Specifically, the calculation method of the given similarity threshold includes the following steps:

s1, inputting a 'fixed question' in the intelligent question answering system;

s5, sequencing the similarity calculation values in a descending order, and selecting the similarity calculation value with the largest similarity calculation value as a given similarity threshold value;

the Chinese word segmentation skill used in the invention can combine the advantages of the accurate mode and the search mode of the jieba word segmentation device to obtain the optimized jieba word segmentation device, and the respective disadvantages of the accurate mode and the search mode are abandoned, so that the problems of longest word priority and information overlapping are solved, the Chinese word segmentation with high efficiency in industry is realized, and the Chinese word segmentation device is a good choice under the condition that the training word segmentation model is insufficient in cost performance or the corpus data is not complete enough;

the word vector expression selects a word2vector model trained by a CBOW model, and the word vector obtained by considering the context information near the word, including the influence of other words and adjacent words around each word on the word meaning of the word and the influence of the relation between the words on the sentence semantics, can express the semantics of the word;

the invention uses the modified cosine similarity model, improves the original cosine similarity model, performs the modification operation of subtracting the mean value from each dimension, and considers the difference of dimensions of each dimension.

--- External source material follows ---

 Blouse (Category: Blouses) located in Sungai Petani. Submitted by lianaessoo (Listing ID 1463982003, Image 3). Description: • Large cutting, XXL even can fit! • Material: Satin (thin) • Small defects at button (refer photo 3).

The above description is only for the preferred embodiment of the present invention, but the scope of the present invention is not limited thereto, and any person skilled in the art should be considered to be within the technical scope of the present invention, and the technical solutions and the inventive concepts thereof according to the present invention should be equivalent or changed within the scope of the present invention.

Claims

1. A text matching algorithm serving an intelligent question and answer system is characterized by comprising a question and answer library text data set, an optimized jieba word splitter, a trained word2vector model and a modified cosine similarity model;

the modified cosine similarity calculation model is as follows:

wherein i and j are of the same dimensionThe vector of (a) is determined,

the text matching algorithm comprises the following steps:

2. The text matching algorithm for a smart question-answering system according to claim 1, wherein the given similarity threshold calculation method comprises the following steps:

s1, inputting a 'fixed question' in the intelligent question answering system;

3. The text matching algorithm for a service of an intelligent question and answer system according to claim 1, wherein the word segmentation pattern of the jieba word segmenter that is not optimized comprises a precise pattern.

4. The text matching algorithm for a service of an intelligent question answering system according to claim 1, wherein the word segmentation mode of the jieba word segmenter that is not optimized comprises a full mode.

5. The text matching algorithm for a service of an intelligent question answering system according to claim 1, wherein the word segmentation pattern of the jieba word segmenter that is not optimized comprises a search pattern.

6. The text matching algorithm for a service of an intelligent question and answer system according to claim 1, wherein the CBOW model expresses input chinese participles as 256-dimensional word vectors.

7. The text matching algorithm for a smart question-answering system according to claim 1, wherein the cosine similarity model without modification is:

wherein x and y are two n-dimensional vectors for calculating the similarity.